絵描きになりたいと本気で思ったこともあったが、高校生になって筆を置き、鑑賞する側に回った。やがて天才ダ・ヴィンチに憧れるのもやめた。憧れるとは「その人のようになりたい」であるから、憧れから畏敬の念にシフトしたのは我ながら賢明な判断だったと思う。
ルネサンス期に芸術家列伝を著したジョルジョ・ヴァザーリや19世紀のポール・ヴァレリーなどの高い評価もあって、レオナルド・ダ・ヴィンチは「万能の天才」として人口に膾炙した。そして、最たる天才ぶりは絵画においてこそ発揮されたとの評論が多い。空気遠近法や輪郭を描かないスフマート法などを編み出し、いずれの作品も世界遺産級の至宝だ。それでも、37歳で他界したラファエロの多作ぶりに比べれば、ダ・ヴィンチは寡作の画家と言わざるをえない。
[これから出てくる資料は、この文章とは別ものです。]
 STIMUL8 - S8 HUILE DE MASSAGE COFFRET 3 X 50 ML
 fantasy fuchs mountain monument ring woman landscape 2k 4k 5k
作品は20あるかないかだろう。そのうち、幸運なことに、『受胎告知』と『キリストの洗礼』(いずれもウフィツィ美術館)、『白貂を抱く貴婦人』(京都市美術館)、『モナ・リザ(ラ・ジョコンダ)』(ルーブル博物館)をぼくは生で鑑賞している。
ミラノで『最後の晩餐』を見損なったことには後悔している。悔しさを紛らせるためにレオナルド・ダ・ヴィンチ国立科学技術博物館を訪れた。晩餐に比べたらおやつ程度だろうと覚悟していた。結果は、期待以上だった。博覧強記を裏付ける草稿や実験スケッチと記録、設計図等の足跡が所狭しと展示されていた。音楽に始まり、科学から軍事の構想まで、あるいは発明から解剖に至るまで、好奇心のまなざしを万物に向けたことが手に取るようにわかる。数々の業績のうち絵画こそダ・ヴィンチの最上の仕事という通説でいいのか……博物館に佇みながら、ぼくは別の才能に目を向け始めていた。それは、思考する力、そしてそれを可能にした言語の才である。
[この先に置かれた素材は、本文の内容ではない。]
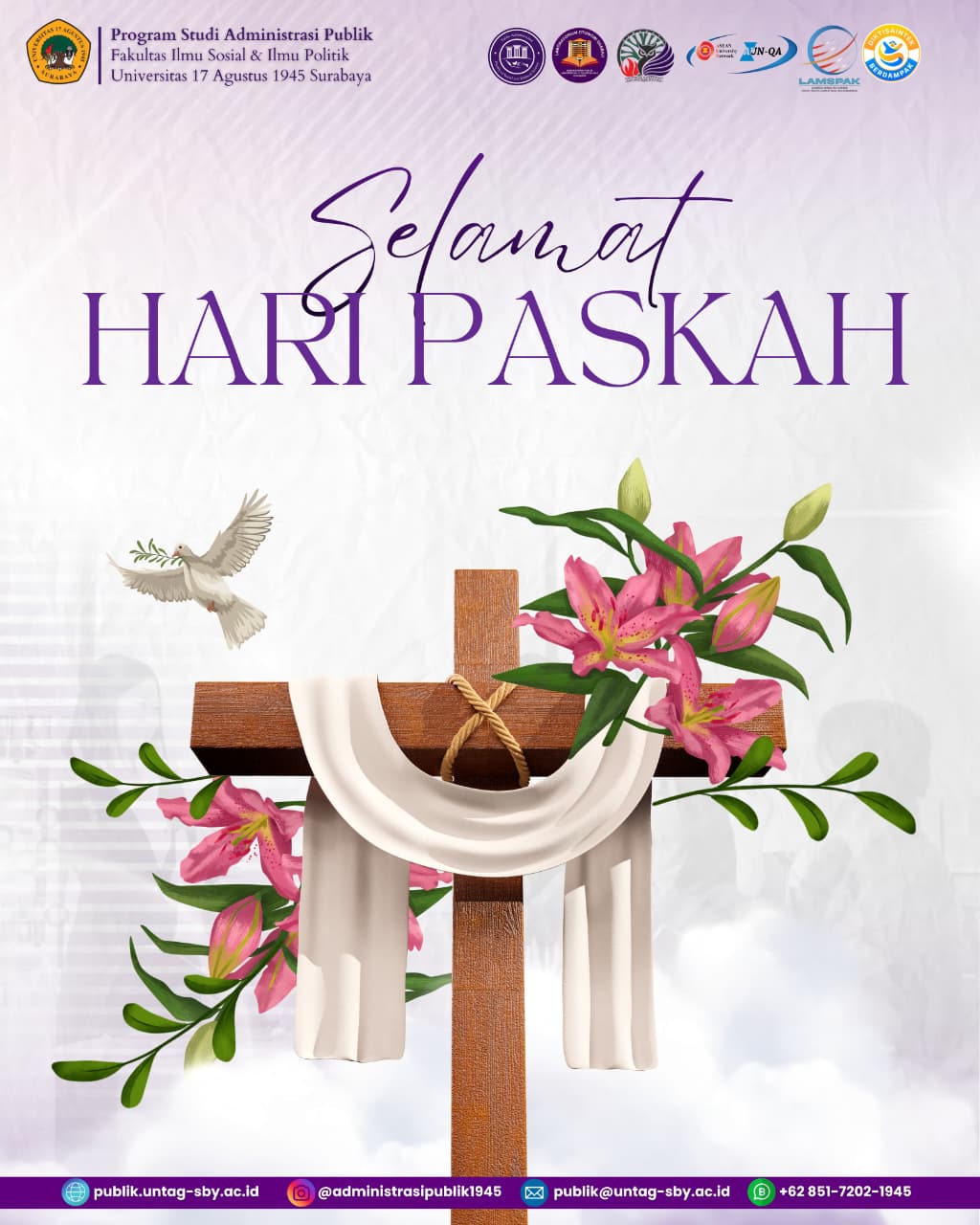 Pesan Kebangkitan di Hari Paskah dari Prodi Administrasi Publik Untag Surabaya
岩波文庫の『レオナルド・ダ・ヴィンチの手記』は、今も繰り返し読む書物の一つだ。ものの考え方や処し方について、色褪せることのない普遍的な名言がおびただしく綴られている。これぞというのを選んで、怠け癖のある若い人たちに薀蓄したこともある。「ぼくの言うことなど聞いてもらえないだろうが、歴史上の天才の声に真摯に耳を傾けてはどうか」と持ち掛けるのだ。その一つが「考えること少なき者は過つこと多し」である。深慮遠謀してうまく行かないこともあるが、ほとんどの失敗は思考不足もしくは浅はかな考えに起因する。
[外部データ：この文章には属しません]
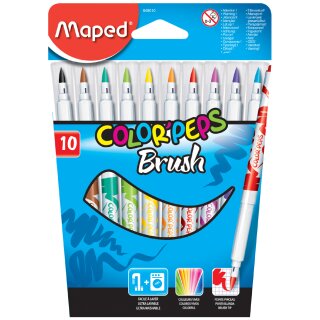 Maped Fasermaler COLORPEPS Brush 10er Kartonetui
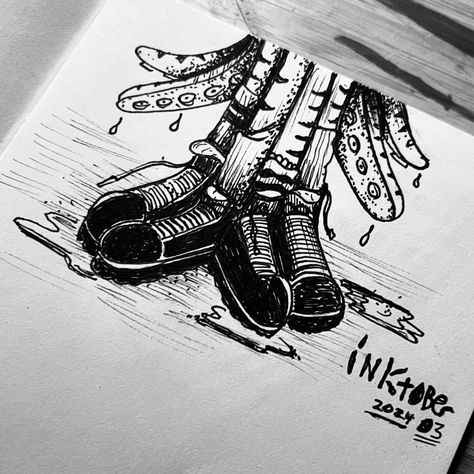 #inktober2024 : Boots - @inktober #inktober #inktober2024boots #boots #octopus #socks #tenticles #squid #monster #ocean #docmartens #punk #nancysinatra #shoes #puddle #rain #illustration #sketchbook #notebook #artjournal #drawing #doodle Inktober 2024 Boots, Inktober 2023 Bounce, Bounce Inktober, Inktober 2021 List, Discover Inktober, Octopus Illustration, Nancy Sinatra, Octopus, Art Journal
いつの時代もどこの国でもそうだが、物事がうまくいかなくなると「理性に偏るな、下手な考え休むに似たり」などという声が高らかになる。人が人として成り立っている唯一とも言うべき理性と思考を、悪しきことや過ちごとの責任にしてしまうのである。そこで、ぼくは問いたい。それは理性を十全に発揮し限界まで考え抜いてこその恨み節でなければならないのではないか。浅瀬の一ヵ所で考えて引き返してくる者に思考の無力を述懐する資格はない。ここは素直にダ・ヴィンチの言葉に従いたい。願わくば、だらだらと一つ所で深掘りばかりして考えずに、複眼的に見晴らしよく考える癖をつけたいものである。